With Simple Snapchat, the company is pawing at TikTok’s vertical video feed. They weren’t so thrilled when Instagram nabbed their Stories idea eight years ago.

Why social media companies keep copying each other
[Source photo: thiago melo/iStock/Getty Images]

Snapchat is combining its Stories and Spotlight functions into one vertical video feed. That feed just happens to look almost identical to TikTok.

The new function, called Simple Snapchat, taps into the endless scroll of short-form video that’s flooding the social media industry, from TikTok to Instagram Reels. Snapchat has been burned before: Back in 2016, Instagram launched its own Stories function, which looked quite similar to Snapchat’s longtime offering. Now, it seems Snapchat is picking up on the thread: To make it as a major social media company, everyone needs to copy a little.

Is Simple Snapchat a TikTok rip-off? 

The video function in Simple Snapchat isn’t new—it merely combines the app’s Stories and Spotlight content into one bottomless feed. What is new, though, is the layout and backing algorithm. In a release, Snapchat called it the “first-ever unified recommendation system that makes for our most personalized experience yet.” That system is built on the impulse of TikTok’s For You Page (FYP); the bubbly engagement buttons even look like it.

[Image: Snap]

While Snapchat declined to comment on the similarities, the company has been signaling a move toward a TikTok-ified system throughout its last few filings. “One unified feed of content, but also the ranking stack, which is going to enable us to really share engagement signals between stories and spotlight, which we just haven’t done historically,” CEO Evan Spiegel said in Snap’s Q1 2024 earnings call. “So we think that will really help personalize the experience overall.”

Snapchat is also far from the first company to invest in a TikTok equivalent.

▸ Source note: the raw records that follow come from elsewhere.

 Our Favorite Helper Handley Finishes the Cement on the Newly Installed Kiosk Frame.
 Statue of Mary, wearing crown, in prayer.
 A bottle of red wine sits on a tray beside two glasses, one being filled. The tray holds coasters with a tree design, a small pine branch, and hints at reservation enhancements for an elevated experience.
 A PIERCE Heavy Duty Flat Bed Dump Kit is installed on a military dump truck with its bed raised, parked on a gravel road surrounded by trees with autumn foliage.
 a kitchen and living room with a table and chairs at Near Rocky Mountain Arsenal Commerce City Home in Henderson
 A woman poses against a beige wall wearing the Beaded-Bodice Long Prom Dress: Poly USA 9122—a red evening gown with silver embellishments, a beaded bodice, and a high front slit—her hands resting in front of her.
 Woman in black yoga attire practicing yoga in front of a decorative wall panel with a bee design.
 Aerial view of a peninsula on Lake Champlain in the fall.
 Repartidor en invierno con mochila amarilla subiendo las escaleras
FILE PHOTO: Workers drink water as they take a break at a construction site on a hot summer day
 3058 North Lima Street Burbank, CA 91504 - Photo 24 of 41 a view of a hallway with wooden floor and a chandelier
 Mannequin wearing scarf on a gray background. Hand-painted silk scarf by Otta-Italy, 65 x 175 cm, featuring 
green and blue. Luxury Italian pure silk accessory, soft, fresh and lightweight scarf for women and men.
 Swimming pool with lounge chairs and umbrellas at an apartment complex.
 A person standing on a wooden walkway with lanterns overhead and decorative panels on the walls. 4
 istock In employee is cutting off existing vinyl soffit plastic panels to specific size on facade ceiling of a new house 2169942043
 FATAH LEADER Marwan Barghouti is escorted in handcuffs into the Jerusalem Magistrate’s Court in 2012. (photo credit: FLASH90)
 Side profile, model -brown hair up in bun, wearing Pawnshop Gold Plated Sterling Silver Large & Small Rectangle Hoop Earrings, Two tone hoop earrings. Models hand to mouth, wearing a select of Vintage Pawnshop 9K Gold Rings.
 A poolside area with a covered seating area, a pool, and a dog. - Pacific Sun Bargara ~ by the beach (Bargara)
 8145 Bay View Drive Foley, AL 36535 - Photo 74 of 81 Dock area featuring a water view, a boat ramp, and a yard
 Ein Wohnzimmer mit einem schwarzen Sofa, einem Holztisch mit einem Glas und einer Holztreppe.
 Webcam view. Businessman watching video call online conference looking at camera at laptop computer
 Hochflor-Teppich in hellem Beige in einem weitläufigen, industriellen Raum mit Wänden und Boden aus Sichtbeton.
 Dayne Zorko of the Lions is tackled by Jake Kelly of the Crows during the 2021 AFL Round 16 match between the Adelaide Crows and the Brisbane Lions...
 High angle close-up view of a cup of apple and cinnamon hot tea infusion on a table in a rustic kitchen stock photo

Instagram launched Reels, its own vertical video feed, in 2020. The platform was immediately flooded with republished TikTok content. Facebook also has a Reels function, and YouTube has its own Shorts.

But Snapchat has been uniquely burned by social media rip-offs, dating back to 2016 when Instagram launched its own version of Stories. In its 2017 IPO filing, Snapchat listed this as an example of intensifying market competition: “Instagram, a subsidiary of Facebook, recently introduced a ‘stories’ feature that largely mimics our Stories feature and may be directly competitive.” In the months post-launch of Instagram Stories, Snapchat’s growth slowed 82%. It seems Snap has learned a lesson: Incorporate copycat user functions or lose market share.

Social media companies are stuck in an innovation loop

There’s a constant stream of rip-offs and copycats coursing through the industry. That’s because so much of social media is trend-based: First, text was big with the rise of Twitter, then it was photos with Instagram, then long-form video with YouTube, and eventually TikTok’s short-form. Part of being a social media company is capturing these rising currents of user preferences. No one, not even Snapchat, wants to be left behind.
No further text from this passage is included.